Good candidates are scenarios where planning, coordination, and compliance are as important as raw prediction accuracy:

  • Continuous compliance monitoring that turns policies into live controls across workflows, rather than periodic audits
  • Complex claims or credit decisions that require combining structured data, documents, and human judgment
  • Legacy modernization programs where you use agents to analyze code, map dependencies, and support refactoring while orchestration maintains control, as Microsoft describes in its work on COBOL migration with AI agents

In each case, you can define a clear role for agentic AI (plan workflows, monitor state, decide when to escalate) and for AI agents (perform specific analyses, draft artifacts, execute bounded actions). That clarity lets your architecture, risk, and operations teams work from the same blueprint. Finally, invest early in guardrails and observability. The most sophisticated agentic systems in banking and insurance succeed not because their models are perfect, but because their orchestration layer is designed like a control plane: every agent action is logged with inputs, outputs, tools called, and policies applied; exceptions have deterministic paths; and human approval points are explicit. Banks described in the Towards AI orchestration article use metrics like workflow completion rate, handoff success rate, and recovery success rate to measure orchestration quality, not just model accuracy. Vendors like Nintex and Tonkean build audit trails and role-based access into their platforms from day one.

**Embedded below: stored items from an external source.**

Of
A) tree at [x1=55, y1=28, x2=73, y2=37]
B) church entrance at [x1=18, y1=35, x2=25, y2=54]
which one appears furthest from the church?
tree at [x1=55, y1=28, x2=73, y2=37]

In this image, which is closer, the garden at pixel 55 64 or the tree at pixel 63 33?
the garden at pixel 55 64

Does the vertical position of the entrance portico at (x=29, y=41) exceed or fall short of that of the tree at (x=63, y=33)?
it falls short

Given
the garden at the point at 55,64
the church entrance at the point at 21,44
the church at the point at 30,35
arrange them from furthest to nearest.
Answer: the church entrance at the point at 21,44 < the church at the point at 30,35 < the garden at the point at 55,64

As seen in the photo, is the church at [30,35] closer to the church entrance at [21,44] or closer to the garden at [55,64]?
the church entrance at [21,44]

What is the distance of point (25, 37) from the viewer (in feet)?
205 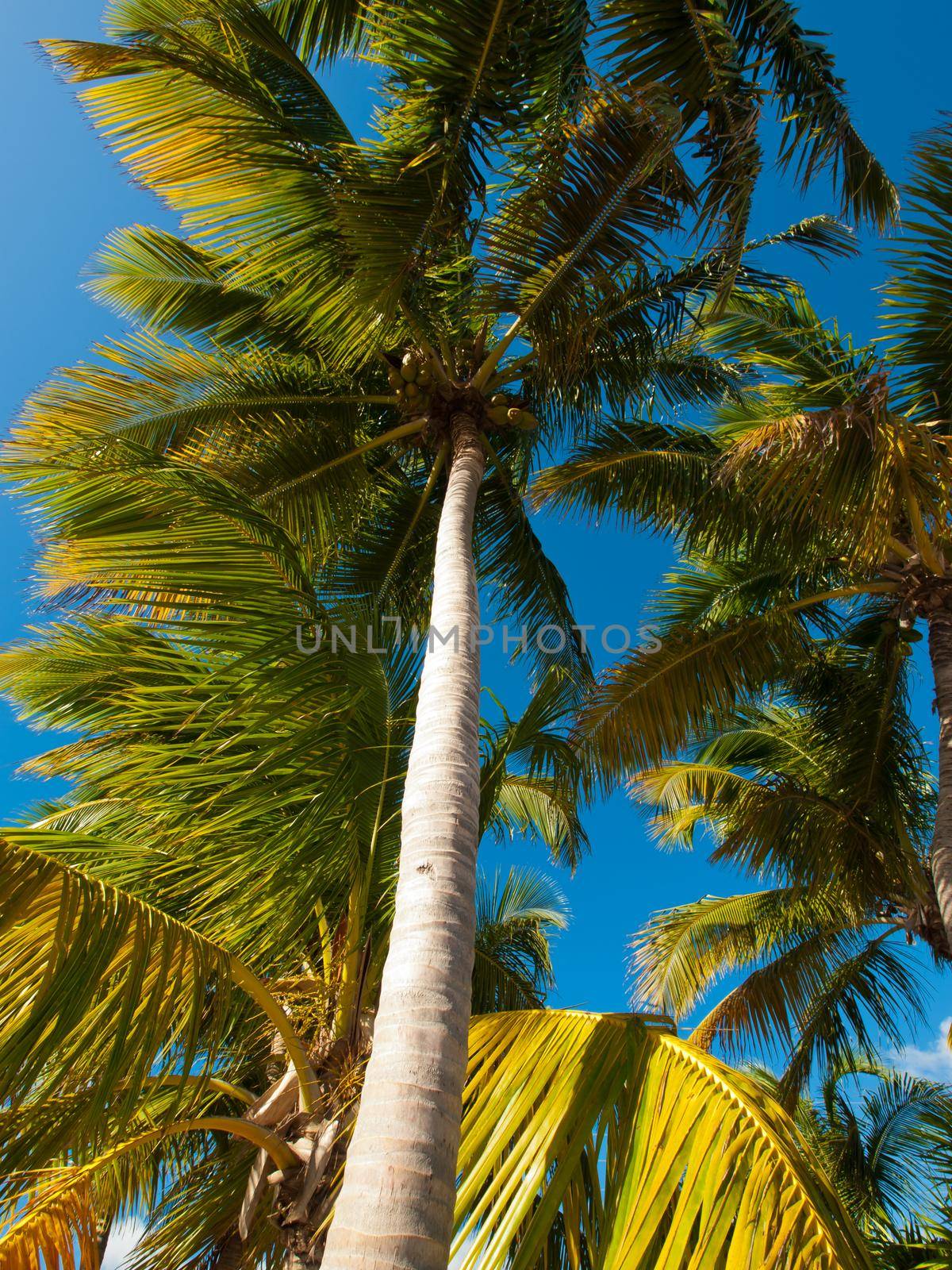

These are good patterns to borrow, even if you are building in-house. In practice, that means creating evaluation harnesses for your agents (golden datasets, regression tests), dashboards that show where work is stuck, and a clear autonomy ladder that links risk levels to how much agents are allowed to do without human sign-off. It also means looping compliance, legal, and line-of-business owners into the design of your agent contracts and workflows, so they understand not only what agents can do, but what they are explicitly not allowed to do.

For BP3’s clients, the payoff from this disciplined approach is tangible: reduced cycle times in high-value journeys, fewer compliance surprises, and a more adaptable automation estate that can absorb new AI capabilities without another wave of "shadow bots". When you ground your strategy in a clear understanding of agentic AI versus AI agents - and build them into a layered, governed architecture - you create room for experimentation without losing the trust of regulators, customers, or your own teams.